(1) The first and least expensive way is to cut a dozen or twenty pictures out of magazines, arrange them according to your route and build up your talk around them. As you describe each place pass the pictures, which should be mounted on cardboard, in turn to each person present.

(2) A better way is to get a set of stereographs of the trip or the country you are to talk on and a stereoscope[124] and pass the picture showing the view and the instrument to each person present.

[124] A stereoscope and the stereograms can be bought from Underwood and Underwood, 417 Fifth Ave., New York, or Sears, Roebuck and Co., Chicago, Ill.

Each stereograph, as the picture is called, is formed of two pictures of the same scene made from slightly different viewpoints and when the observer looks through the lenses at them they blend into one image when the scene stands out wonderfully clear and apparently in three dimensions. The only drawback of the stereoscope as an aid to a travel talk is that only one person can look at a picture at a time.

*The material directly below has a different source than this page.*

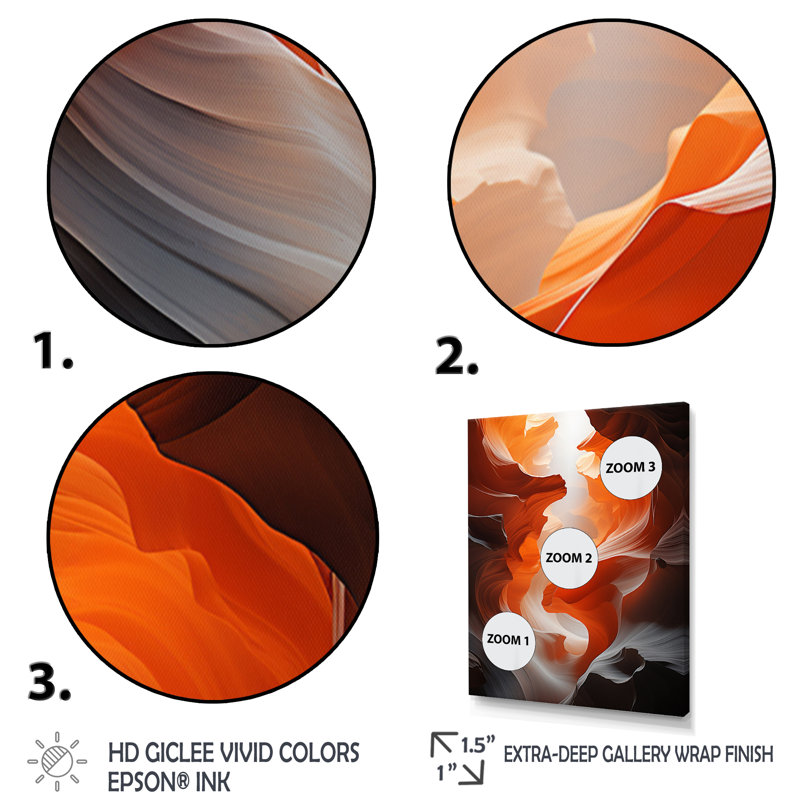 «Canyon Antelope Whirlwinds», reproduction d'art sur toile, H 32 po x l 24 po x P 1 po, Encadrement doré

(3) A far better plan than either of the above schemes is to make a reflectoscope[125] as [described] in the chapter called Some Kinks in Photography. You can show any kind of a picture in a reflectoscope if it is not larger than 3×5 inches but picture postcards are especially good to use for a travelogue or a talk of any kind and they show up nicely when thrown on a screen with a reflectoscope.

[125] You can buy one of the Bausch and Lomb Optical Company, Rochester, New York, and you can get post-card views for it of the Post-Card Store, 946 Broadway, New York.

(4) Finally either make, or better, if you can afford it, buy, a magic lantern[126] that will take the regular full size lantern slides, namely, 3¹⁄₄ × 4¹⁄₄ inches square. Sets of lantern slides[127] for travelogues or talks on any subject can be rented cheaply and in these days of cheap electricity you can throw a picture on the screen so big and bright and real that your offering is bound to be a success.

[126] For magic lanterns and slides address the Charles Beseler Co., 131 East 23rd Street, New York.

[127] Sets of lantern slides can be rented of the Charles Beseler Co., 131 East 23rd Street, New York City.

An Electrical Soirée.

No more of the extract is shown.